■ Scraped caption text data

=== Section Start ===

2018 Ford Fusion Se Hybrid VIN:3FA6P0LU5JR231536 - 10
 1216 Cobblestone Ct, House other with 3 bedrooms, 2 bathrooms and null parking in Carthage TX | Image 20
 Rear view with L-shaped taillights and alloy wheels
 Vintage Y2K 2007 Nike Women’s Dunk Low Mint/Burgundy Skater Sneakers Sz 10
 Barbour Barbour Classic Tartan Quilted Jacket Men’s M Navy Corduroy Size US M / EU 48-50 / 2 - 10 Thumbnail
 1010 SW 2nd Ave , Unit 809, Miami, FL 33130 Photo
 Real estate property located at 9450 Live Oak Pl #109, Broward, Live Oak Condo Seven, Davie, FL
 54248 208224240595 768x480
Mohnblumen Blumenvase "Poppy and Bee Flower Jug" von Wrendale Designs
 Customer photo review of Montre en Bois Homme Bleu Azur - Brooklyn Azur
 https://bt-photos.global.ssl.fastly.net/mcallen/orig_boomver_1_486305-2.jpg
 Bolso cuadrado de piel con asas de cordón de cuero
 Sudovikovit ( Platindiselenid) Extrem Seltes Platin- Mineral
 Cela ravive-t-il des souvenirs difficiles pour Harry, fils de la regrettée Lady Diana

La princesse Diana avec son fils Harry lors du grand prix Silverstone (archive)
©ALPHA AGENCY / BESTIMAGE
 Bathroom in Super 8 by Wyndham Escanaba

=== Section End ===

■ Problem
Reproduce each record shown above without altering a single word.

■ Solution below
2018 Ford Fusion Se Hybrid VIN:3FA6P0LU5JR231536 - 10
 1216 Cobblestone Ct, House other with 3 bedrooms, 2 bathrooms and null parking in Carthage TX | Image 20
 Rear view with L-shaped taillights and alloy wheels
 Vintage Y2K 2007 Nike Women’s Dunk Low Mint/Burgundy Skater Sneakers Sz 10
 Barbour Barbour Classic Tartan Quilted Jacket Men’s M Navy Corduroy Size US M / EU 48-50 / 2 - 10 Thumbnail
 1010 SW 2nd Ave , Unit 809, Miami, FL 33130 Photo
 Real estate property located at 9450 Live Oak Pl #109, Broward, Live Oak Condo Seven, Davie, FL
 54248 208224240595 768x480
Mohnblumen Blumenvase "Poppy and Bee Flower Jug" von Wrendale Designs
 Customer photo review of Montre en Bois Homme Bleu Azur - Brooklyn Azur
 https://bt-photos.global.ssl.fastly.net/mcallen/orig_boomver_1_486305-2.jpg
 Bolso cuadrado de piel con asas de cordón de cuero
 Sudovikovit ( Platindiselenid) Extrem Seltes Platin- Mineral
 Cela ravive-t-il des souvenirs difficiles pour Harry, fils de la regrettée Lady Diana

La princesse Diana avec son fils Harry lors du grand prix Silverstone (archive)
©ALPHA AGENCY / BESTIMAGE
 Bathroom in Super 8 by Wyndham Escanaba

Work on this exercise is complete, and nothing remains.